After coming under fire from many in the Christian community for removing all references to Christmas from its seasonal red cups, Starbucks issued a statement explaining why the coffee chain chose the new design and reiterating its dedication to welcoming "customers from all backgrounds."
"When red Starbucks cups return, it's a signal that the holiday season is drawing near," the company said in a statement. "This year's iconic red Starbucks cup features a two-toned ombré design, with a bright poppy color on top that shades into a darker cranberry below."
The popular coffee chain said that it has created red holiday cups since 1997, explaining that, each year, the cup design has "told a story of the holidays by featuring symbols of the season from vintage ornaments and hand-drawn reindeer to modern vector-illustrated characters."
Starbucks said that the plain, red cups mimic "a blank canvas" and that customers can use to tell their own stories. The company explained that the new design is a "more open way to usher in the holidays."
"In the past, we have told stories with our holiday cups designs," Jeffrey Fields, Starbucks vice president of design and content, said in a statement. "This year we wanted to usher in the holidays with a purity of design that welcomes all of our stories."
"Starbucks has become a place of sanctuary during the holidays," Fields added. "We're embracing the simplicity and the quietness of it. It's more open way to usher in the holiday."
The coffee chain added that being diverse and inclusive is one of the brand's "core values."

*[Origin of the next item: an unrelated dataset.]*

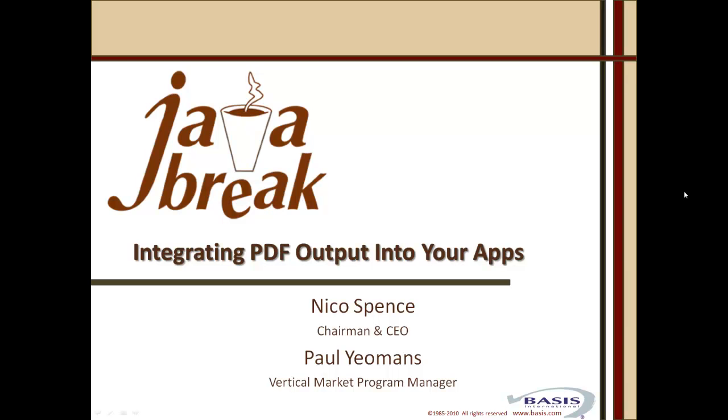Welcome to this Java Break with Basis. Today's topic is integrating PDF output into your application software. My name is Nico Spence, I'm the Chairman and CEO of Basis International, and I'm joined today by Paul Yeomans, our Vertical Market Program Manager. Let's have a look at the topics that we'll be covering.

"Starbucks will continue to embrace and welcome customers from all backgrounds and religions in our stores around the world," the press release concludes.
As reported by the Gospel Herald, some Christian groups took offense to the new design, arguing that it represents growing secularism and a widespread "War on Christmas."
The debate escalated when Christian evangelist Joshua Feuerstein slammed the red cups in a Facebook video on November 5, sparking the viral hashtag #MerryChristmasStarbucks.
"I think in the age of political correctness we've become so open minded our brains have literally fallen out of our head," Feuerstein said in the video. "Do you realize that Starbucks wanted to take Christ and Christmas off of their brand new cups? That's why they're just plain red."
The evangelist said that he recently went into Starbucks, ordered a drink and told the barista that his name was "Merry Christmas" - forcing the barista to say the words aloud and pen the phrase on his cup.
"Instead of simply boycotting, why don't we just start a movement?" Feuerstein says in the video.
Since it was posted on Thursday, Feuerstein's video has been viewed more than 12 million times and shared by over 453,000.
In response to Feuerstein's call to action, some took to social media to share photos of their Starbucks cups featuring their "names," while others posted their own messages condemning the seeming assault on Christianity.
Others, however, have harshly criticized the campaign: "This, my friends, is everything wrong with American Christianity," writes Nate Lake, a self-described Christian blogger and Starbucks employee. "Boko Haram has killed 3,500 people in terrorist attacks in Africa this year, many of which have targeted Christians. Up to 340,000 people have been killed in the crisis ravaging Syria over the last four years. ISIS continues to target both Christians and Muslims as it terrorizes the Middle East. Don't forget, about 30 million people are currently stuck in the horrors of modern slavery. Let's also add the racial injustice that's drowning America in turmoil. But hey, have you seen those new Christ-less Starbucks cups?"
Speaking to Today.com, Feuerstein explained that the #MerryChristmasStarbucks campaign is about far more than just a cup.
"This was never about boycotting a company, but rather making a statement that we refuse to be silent anymore. The vocal minority has bullied the silent majority for too long and now we simply say 'No More!,'" he said.
"Again, this is not about a cup," Feuerstein added. "This is about a much bigger war on Christmas that has seen nativity scenes taken down, Christmas trees not allowed in malls, and all in the name of political correctness. As consumers, we are saying that those who attempt to take Christ out of Christmas will be met with fierce opposition."